Some of that food will come from Joseph Massara and Robert Reilly, co-owners of Salt & Pepper, 1623 E. Passyunk Ave. Formerly located in Bella Vista, the facility opened the week before Christmas.

“We’ll do anything to support the neighborhood and the businesses,” Massara, who claimed to live “two steps away,” said of joining Flavors.

At the preview, the proprietors offered a roasted beet and pineapple salad with baby arugula and goat cheese and rosemary onion soup with Parmesan crostini, kalamata olives and mascarpone cheese.

“We didn’t want to get left out,” Reilly, of 13th Street and Oregon Avenue, said of his first assignment at Flavors. “We respect all the restaurants.”

Jesse Spalletta, owner of 2-month-old Plenty, 1710 E. Passyunk Ave., sounded equally proud.

“I wanted to open a place near my home,” the resident of 13th and Federal streets said.

She enthusiastically accepted a call from Gilinger to participate in Flavors, seeing her avenue mate as a key figure in helping her spot to thrive. To Monday’s assembly, she presented a tasso ham panini and macaroni and cheese. Other victuals await those who attend the grand event, furthering her desire to offer “comfort food with a new twist,” grub coming mostly from local farmers.
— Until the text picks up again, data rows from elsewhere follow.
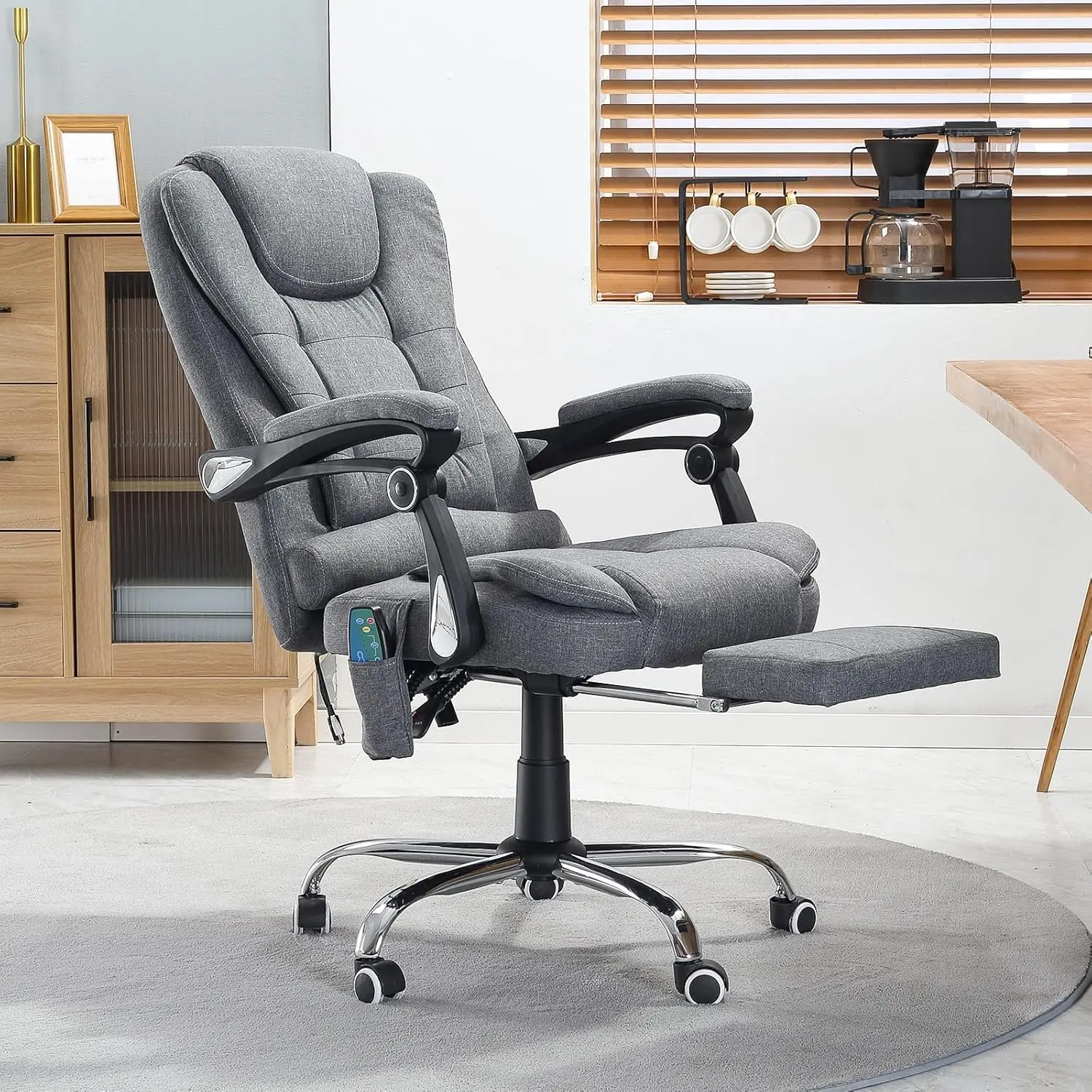 Massage Office Chair w/Heat Function&Footrest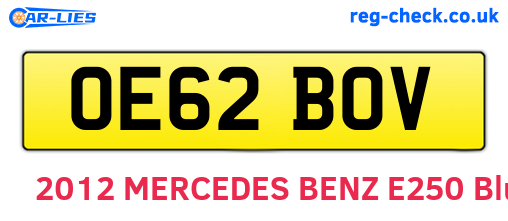 OE62BOV are the vehicle registration plates.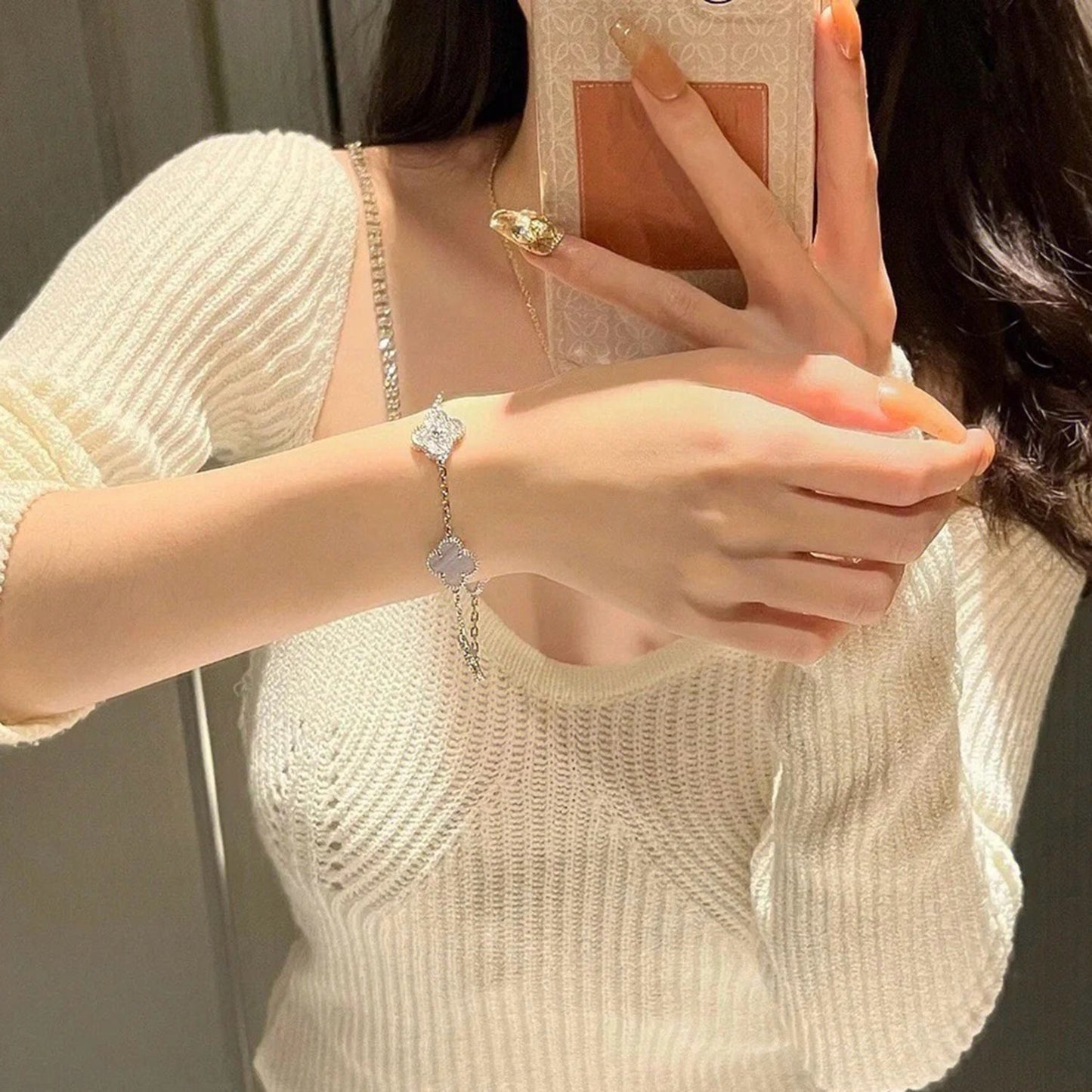 [Luxe Jewelry]CLOVER  5 MOTIF DIAMOND PURPLE CHALCEDONY BRACELET SILVER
Already the co-owner of one successful business, Green Eggs Café, 1306 Dickinson St., Stephen Slaughter hopes to score plaudits with libations from his yet-to-open venture Stateside, which should start its mission to focus on everything American within three months. The Marconi resident offered gravy and biscuits from Green Eggs.

“We saw a window, a niche that wasn’t being take care of — cuisine, style and food,” Slaughter said of adding his talents to the Avenue.

“We saw it as a dual thing,” he added of his Flavors involvement. “We get our name out there and help out the neighborhood.”